What is expected :: Please print only the top portion of the entries below, ending with the line that contains "Ford-Bronco-2-door-1972-Silver-Black-19", exactly as written.
Supplied records Block Start
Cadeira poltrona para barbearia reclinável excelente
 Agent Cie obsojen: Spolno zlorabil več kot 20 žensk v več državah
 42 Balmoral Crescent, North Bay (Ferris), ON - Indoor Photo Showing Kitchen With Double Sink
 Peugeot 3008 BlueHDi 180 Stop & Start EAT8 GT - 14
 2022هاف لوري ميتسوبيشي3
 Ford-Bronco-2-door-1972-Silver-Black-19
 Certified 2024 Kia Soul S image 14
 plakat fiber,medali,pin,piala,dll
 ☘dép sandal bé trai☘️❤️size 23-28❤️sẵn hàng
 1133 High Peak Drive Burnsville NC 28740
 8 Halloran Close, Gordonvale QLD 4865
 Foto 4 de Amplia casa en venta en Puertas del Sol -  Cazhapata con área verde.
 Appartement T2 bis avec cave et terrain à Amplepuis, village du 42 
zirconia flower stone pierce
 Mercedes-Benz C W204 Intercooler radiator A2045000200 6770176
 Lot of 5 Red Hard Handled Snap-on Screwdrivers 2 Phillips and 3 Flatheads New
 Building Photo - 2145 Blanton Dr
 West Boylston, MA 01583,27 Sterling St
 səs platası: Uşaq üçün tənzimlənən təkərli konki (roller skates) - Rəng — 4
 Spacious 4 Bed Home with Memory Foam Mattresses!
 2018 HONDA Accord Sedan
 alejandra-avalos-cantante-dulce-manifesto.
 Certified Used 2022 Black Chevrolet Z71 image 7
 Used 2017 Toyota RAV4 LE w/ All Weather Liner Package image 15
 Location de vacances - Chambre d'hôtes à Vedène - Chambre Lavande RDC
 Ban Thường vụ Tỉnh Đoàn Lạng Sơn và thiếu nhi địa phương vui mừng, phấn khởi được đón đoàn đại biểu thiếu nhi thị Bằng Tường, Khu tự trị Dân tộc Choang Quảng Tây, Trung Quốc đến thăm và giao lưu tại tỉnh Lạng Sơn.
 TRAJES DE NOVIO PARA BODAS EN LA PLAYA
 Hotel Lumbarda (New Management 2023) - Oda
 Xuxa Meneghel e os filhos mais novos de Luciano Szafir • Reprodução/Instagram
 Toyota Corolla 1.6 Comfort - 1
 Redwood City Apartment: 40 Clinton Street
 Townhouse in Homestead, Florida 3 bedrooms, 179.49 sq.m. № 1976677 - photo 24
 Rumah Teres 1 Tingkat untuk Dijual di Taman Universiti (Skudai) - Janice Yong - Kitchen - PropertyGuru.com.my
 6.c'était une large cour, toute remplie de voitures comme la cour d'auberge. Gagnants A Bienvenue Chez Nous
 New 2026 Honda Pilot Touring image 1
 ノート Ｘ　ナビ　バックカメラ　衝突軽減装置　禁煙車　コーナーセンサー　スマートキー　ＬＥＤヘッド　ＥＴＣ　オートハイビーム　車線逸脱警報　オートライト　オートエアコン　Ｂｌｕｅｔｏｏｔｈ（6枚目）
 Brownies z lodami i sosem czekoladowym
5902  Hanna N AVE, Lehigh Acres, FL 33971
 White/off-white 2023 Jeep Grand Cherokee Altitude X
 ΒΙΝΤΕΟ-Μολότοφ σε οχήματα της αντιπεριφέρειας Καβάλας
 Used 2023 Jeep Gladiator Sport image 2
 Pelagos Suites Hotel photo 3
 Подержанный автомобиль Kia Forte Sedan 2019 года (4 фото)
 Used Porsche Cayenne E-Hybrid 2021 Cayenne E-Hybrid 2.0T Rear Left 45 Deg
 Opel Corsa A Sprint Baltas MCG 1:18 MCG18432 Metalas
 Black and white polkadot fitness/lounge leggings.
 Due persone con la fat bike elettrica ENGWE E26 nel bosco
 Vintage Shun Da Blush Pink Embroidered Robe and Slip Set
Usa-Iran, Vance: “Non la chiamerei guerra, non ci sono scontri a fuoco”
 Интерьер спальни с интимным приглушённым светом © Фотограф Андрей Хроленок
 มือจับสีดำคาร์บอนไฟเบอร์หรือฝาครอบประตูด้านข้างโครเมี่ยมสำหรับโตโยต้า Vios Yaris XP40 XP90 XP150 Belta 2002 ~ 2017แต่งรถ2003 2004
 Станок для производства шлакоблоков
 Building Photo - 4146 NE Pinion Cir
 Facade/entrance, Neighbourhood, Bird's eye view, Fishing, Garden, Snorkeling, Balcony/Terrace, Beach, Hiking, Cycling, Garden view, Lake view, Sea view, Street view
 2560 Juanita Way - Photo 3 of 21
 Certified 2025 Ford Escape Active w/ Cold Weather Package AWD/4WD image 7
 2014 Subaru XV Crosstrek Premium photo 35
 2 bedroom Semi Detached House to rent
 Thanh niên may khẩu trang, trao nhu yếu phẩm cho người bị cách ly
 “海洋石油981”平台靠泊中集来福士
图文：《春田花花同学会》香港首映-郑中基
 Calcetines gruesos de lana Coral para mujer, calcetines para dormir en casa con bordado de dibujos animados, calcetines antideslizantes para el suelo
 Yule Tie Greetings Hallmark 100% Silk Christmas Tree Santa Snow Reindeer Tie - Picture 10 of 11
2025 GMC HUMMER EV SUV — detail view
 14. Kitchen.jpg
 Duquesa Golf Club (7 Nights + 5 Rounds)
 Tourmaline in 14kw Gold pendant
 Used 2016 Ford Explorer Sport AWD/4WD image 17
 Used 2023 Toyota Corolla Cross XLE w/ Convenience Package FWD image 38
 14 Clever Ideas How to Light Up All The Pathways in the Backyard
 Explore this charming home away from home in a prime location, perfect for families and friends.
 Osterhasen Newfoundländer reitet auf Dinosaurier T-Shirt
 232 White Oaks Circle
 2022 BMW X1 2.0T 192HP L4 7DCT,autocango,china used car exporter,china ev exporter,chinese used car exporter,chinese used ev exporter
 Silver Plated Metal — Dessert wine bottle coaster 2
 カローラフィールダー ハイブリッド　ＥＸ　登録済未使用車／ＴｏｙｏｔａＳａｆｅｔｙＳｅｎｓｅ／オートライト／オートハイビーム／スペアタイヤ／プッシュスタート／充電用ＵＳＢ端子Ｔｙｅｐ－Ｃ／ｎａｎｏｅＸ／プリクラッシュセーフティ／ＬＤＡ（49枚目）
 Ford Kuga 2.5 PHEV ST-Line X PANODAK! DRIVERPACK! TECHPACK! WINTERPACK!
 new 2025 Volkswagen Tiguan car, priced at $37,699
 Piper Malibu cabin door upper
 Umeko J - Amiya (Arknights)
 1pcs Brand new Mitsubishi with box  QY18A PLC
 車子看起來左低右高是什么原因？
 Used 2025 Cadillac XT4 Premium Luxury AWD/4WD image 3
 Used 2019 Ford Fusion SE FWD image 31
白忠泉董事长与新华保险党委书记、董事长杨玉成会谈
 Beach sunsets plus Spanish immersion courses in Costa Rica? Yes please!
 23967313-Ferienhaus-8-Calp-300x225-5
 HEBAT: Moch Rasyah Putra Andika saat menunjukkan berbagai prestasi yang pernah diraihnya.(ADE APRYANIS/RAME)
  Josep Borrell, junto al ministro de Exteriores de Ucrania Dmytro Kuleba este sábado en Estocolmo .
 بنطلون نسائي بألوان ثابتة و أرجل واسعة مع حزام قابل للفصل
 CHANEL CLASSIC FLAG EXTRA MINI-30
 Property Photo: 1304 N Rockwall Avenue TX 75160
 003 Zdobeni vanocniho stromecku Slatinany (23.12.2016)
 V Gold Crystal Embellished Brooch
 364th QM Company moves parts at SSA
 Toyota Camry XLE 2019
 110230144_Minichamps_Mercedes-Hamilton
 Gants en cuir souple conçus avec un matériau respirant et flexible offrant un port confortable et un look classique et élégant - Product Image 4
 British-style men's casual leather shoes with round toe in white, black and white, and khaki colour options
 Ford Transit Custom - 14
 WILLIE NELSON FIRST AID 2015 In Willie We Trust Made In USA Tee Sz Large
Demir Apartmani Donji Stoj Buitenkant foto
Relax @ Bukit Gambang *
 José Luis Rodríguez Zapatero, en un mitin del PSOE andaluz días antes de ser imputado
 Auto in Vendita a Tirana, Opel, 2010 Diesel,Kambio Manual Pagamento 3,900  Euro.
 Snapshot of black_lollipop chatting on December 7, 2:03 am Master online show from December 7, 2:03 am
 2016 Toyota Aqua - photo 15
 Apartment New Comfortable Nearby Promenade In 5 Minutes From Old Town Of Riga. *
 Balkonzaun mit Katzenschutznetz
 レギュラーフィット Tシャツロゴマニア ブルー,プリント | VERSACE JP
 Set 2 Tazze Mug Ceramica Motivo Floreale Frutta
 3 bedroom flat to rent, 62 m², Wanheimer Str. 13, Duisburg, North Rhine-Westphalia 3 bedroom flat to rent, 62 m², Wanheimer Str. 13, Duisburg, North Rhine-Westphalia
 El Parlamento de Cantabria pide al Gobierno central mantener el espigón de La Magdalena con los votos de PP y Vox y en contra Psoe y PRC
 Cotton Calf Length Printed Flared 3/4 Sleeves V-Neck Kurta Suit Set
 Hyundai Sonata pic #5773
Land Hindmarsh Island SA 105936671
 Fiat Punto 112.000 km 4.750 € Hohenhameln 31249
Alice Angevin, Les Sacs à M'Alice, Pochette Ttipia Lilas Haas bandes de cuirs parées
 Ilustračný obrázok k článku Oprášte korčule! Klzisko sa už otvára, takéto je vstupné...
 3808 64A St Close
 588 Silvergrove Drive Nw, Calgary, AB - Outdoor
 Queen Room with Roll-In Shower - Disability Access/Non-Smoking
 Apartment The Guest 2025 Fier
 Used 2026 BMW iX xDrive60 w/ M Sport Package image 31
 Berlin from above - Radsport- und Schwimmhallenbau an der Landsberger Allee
Supplied records Block End
Exercise response ::
Cadeira poltrona para barbearia reclinável excelente
 Agent Cie obsojen: Spolno zlorabil več kot 20 žensk v več državah
 42 Balmoral Crescent, North Bay (Ferris), ON - Indoor Photo Showing Kitchen With Double Sink
 Peugeot 3008 BlueHDi 180 Stop & Start EAT8 GT - 14
 2022هاف لوري ميتسوبيشي3
 Ford-Bronco-2-door-1972-Silver-Black-19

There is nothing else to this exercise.